Intelligence artificielle dans les examens de vue : ce qui change réellement
Un patient tend la tête vers un appareil photographié de face. En quelques secondes, une image de son fond d'œil est analysée par un logiciel qui signale des anomalies. Cette scène se déroule déjà dans certains cabinets d'ophtalmologie. Mais que fait précisément l'intelligence artificielle lors d'un examen de la vue, et où s'arrête son rôle ?
Le dépistage automatisé des maladies rétiniennes
L'usage le plus répandu de l'IA en ophtalmologie concerne l'analyse d'images du fond d'œil. Des algorithmes entraînés sur des milliers de clichés annotés apprennent à repérer les signes de la rétinopathie diabétique, de la dégénérescence maculaire liée à l'âge ou encore du glaucome. Ces logiciels comparent les images du patient à des motifs connus et signalent les zones suspectes.
Ce type d'outil est utilisé en premier recours, notamment dans des centres de dépistage ou des cabinets de ville. L'IA ne pose pas un diagnostic final : elle classe les images en deux catégories, « à surveiller » ou « sans anomalie majeure ». Le médecin examine ensuite les clichés signalés et décide de la marche à suivre. Cette approche permet de traiter plus rapidement les dossiers prioritaires, mais elle ne remplace pas l'œil humain pour les cas complexes, les images de mauvaise qualité ou les pathologies rares.
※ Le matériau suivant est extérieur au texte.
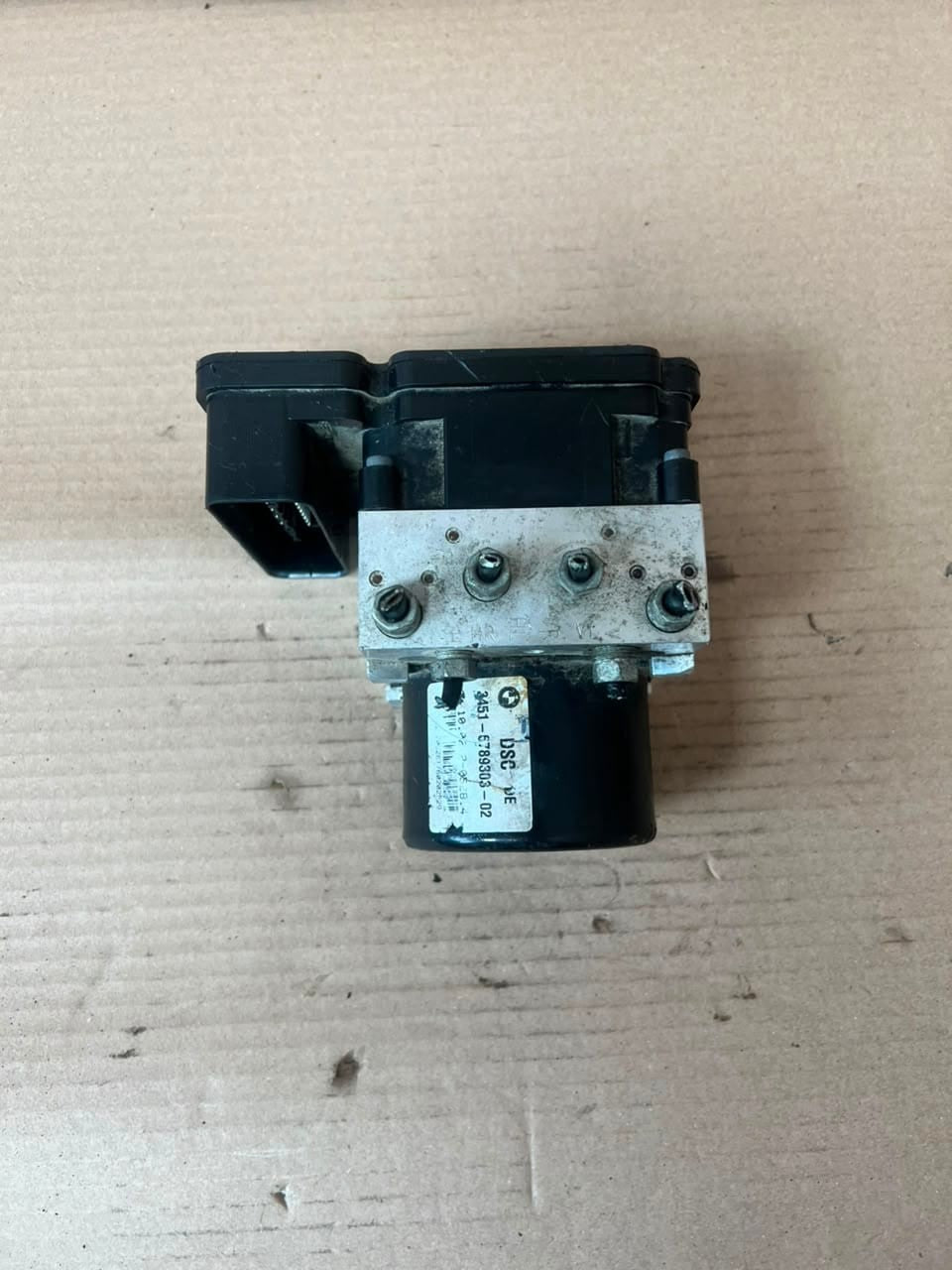 2009-2013 BMW 3 Series E90, E91, E92, E93 328i Abs Brake Pump Module 6789304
La mesure de la réfraction et la prescription de lunettes
Un autre champ d'application concerne l'autoréfracteur, l'appareil qui estime la correction optique nécessaire. Les modèles récents intègrent des modules d'IA qui croisent plusieurs mesures : la courbure de la cornée, la longueur de l'œil et la réponse du patient à des stimuli visuels. Le logiciel propose une prescription préliminaire, que l'ophtalmologiste ou l'opticien ajuste ensuite lors de l'examen subjectif, celui où le patient répond « mieux » ou « moins bien » aux lentilles de test.
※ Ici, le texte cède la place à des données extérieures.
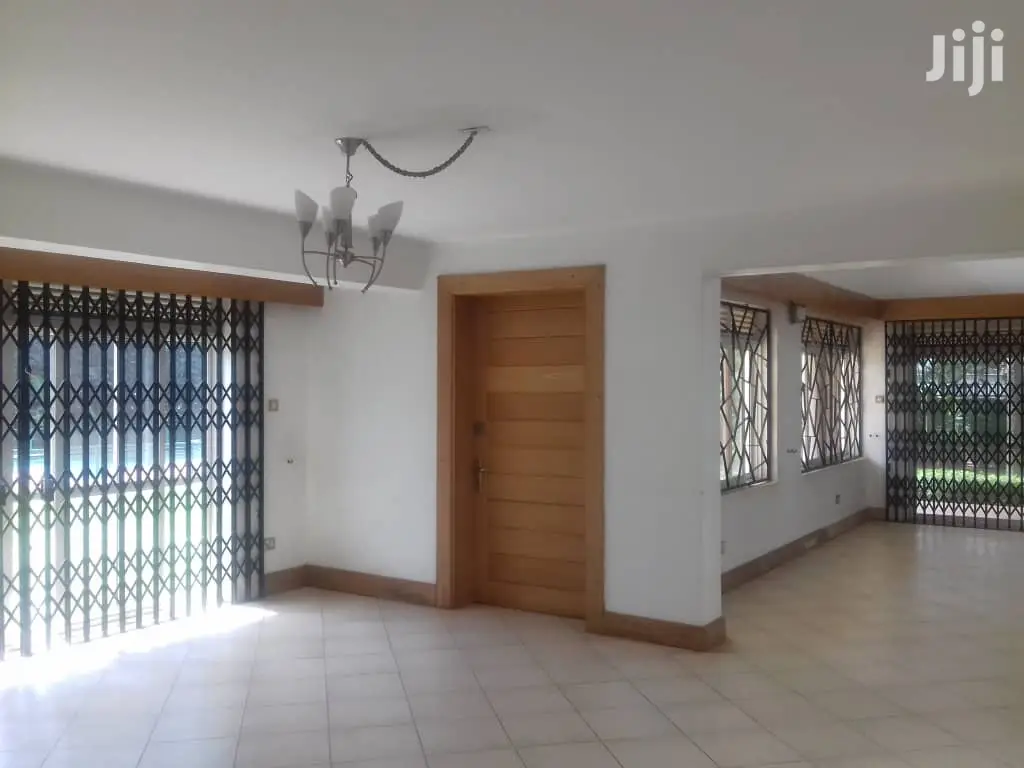 4 Bedroom Magnificent House In Kololo For Rent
Cette automatisation accélère la phase de mesure, mais elle se heurte à une limite pratique : la prescription finale dépend de la sensibilité visuelle de chaque personne, de ses habitudes de lecture ou de conduite, et de son ressenti face à la correction. L'IA propose une base chiffrée, pas une solution adaptée à la vie quotidienne du patient. Les cas de forte myopie, d'astigmatisme irrégulier ou de presbytie combinée à d'autres défauts restent difficiles à traiter par un algorithme seul.
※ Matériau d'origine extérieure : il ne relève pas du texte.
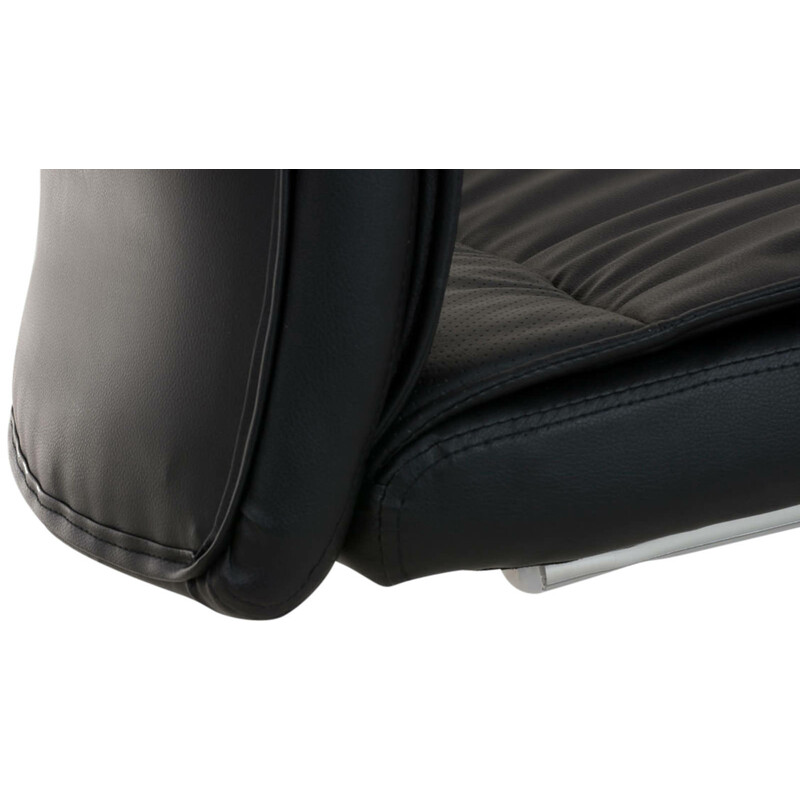 Lyxiga ergonomiska stolar med konstläder och kromdetaljer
Le suivi de l'évolution des pathologies chroniques
Pour les maladies qui évoluent lentement, comme le glaucome ou la rétinopathie diabétique, la comparaison d'examens successifs est essentielle. Des outils d'IA comparent les images prises à plusieurs mois d'intervalle et mesurent des changements subtils : élargissement d'une tache aveugle, épaississement de la rétine, modification du nerf optique. Ces variations, parfois invisibles à l'œil nu, sont quantifiées et présentées au médecin sous forme de courbes ou de cartes de différence.
Cette fonction est utile pour décider d'ajuster un traitement ou de programmer un nouveau contrôle. Mais elle repose sur la qualité des données : si les clichés sont pris avec des appareils différents, sous un éclairage variable ou après une dilatation inégale de la pupille, les comparaisons deviennent moins fiables. Les praticiens signalent aussi le risque de faux positifs, qui entraînent des examens complémentaires inutiles et de l'anxiété pour le patient.
Les limites pratiques et la place du professionnel de santé
L'intégration de l'IA dans les examens de vue pose plusieurs questions concrètes. La première concerne la responsabilité : si un algorithme manque une anomalie, qui est responsable ? En l'état actuel des cadres réglementaires, le médecin reste le seul décideur. L'IA est un outil d'aide, pas un acteur autonome. La deuxième question touche à la protection des données : les images du fond d'œil sont des données de santé sensibles, et leur traitement par des serveurs externes doit respecter des règles strictes de confidentialité.
Enfin, tous les cabinets ne disposent pas d'équipements compatibles avec ces logiciels. Les appareils plus anciens produisent des images que les algorithmes analysent moins bien. La formation des personnels est aussi un facteur limitant : interpréter les sorties d'un logiciel demande une connaissance de ses points faibles et de ses biais. L'IA ne supprime donc pas la nécessité d'un examen clinique complet, ni le dialogue entre le patient et le praticien. Elle modifie la répartition des tâches, mais la décision médicale, elle, reste humaine.